Given entries:
☆ ☆ ☆ ☆
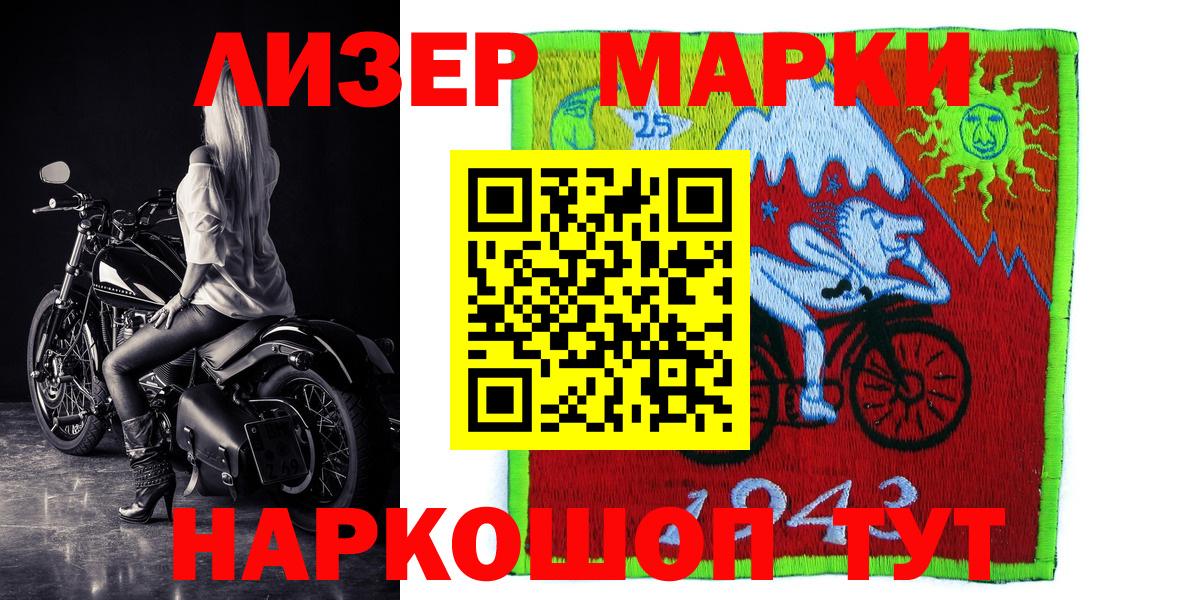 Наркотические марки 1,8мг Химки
☆ ☆ ☆ ☆
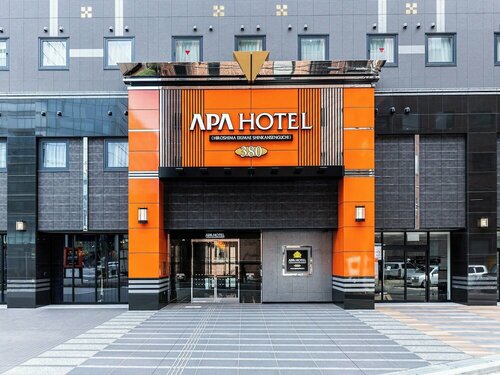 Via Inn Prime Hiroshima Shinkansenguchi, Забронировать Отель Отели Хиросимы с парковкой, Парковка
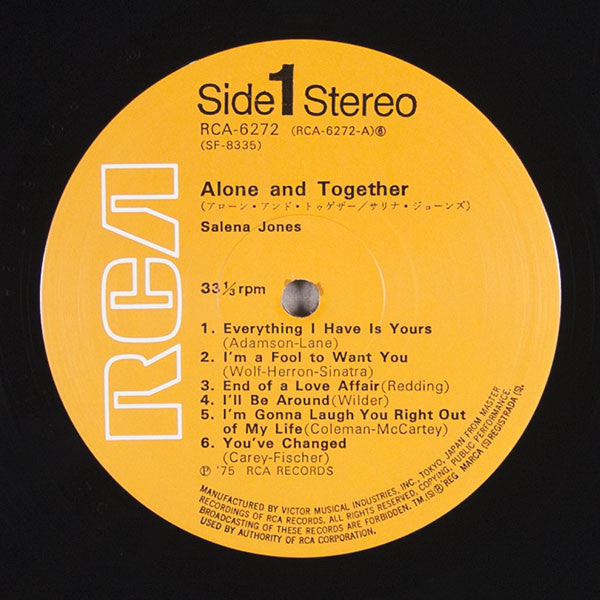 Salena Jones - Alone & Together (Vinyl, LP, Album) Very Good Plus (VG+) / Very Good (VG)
☆ ☆ ☆ ☆
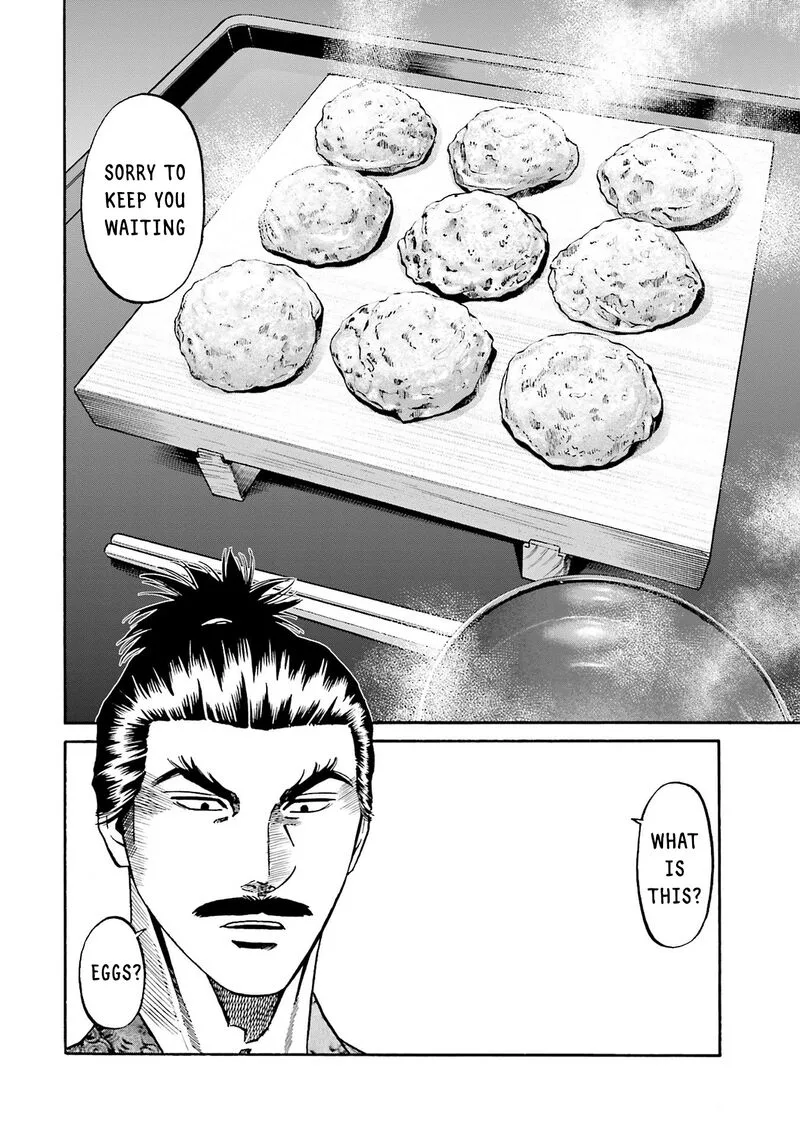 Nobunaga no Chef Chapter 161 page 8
☆ ☆ ☆ ☆
Going by the entries above, repeat exactly the lines that start at the line with "Via Inn Prime" and go on through the line with "Salena Jones - Alone". Pictures are not part of the copy.

 Via Inn Prime Hiroshima Shinkansenguchi, Забронировать Отель Отели Хиросимы с парковкой, Парковка
 Salena Jones - Alone & Together (Vinyl, LP, Album) Very Good Plus (VG+) / Very Good (VG)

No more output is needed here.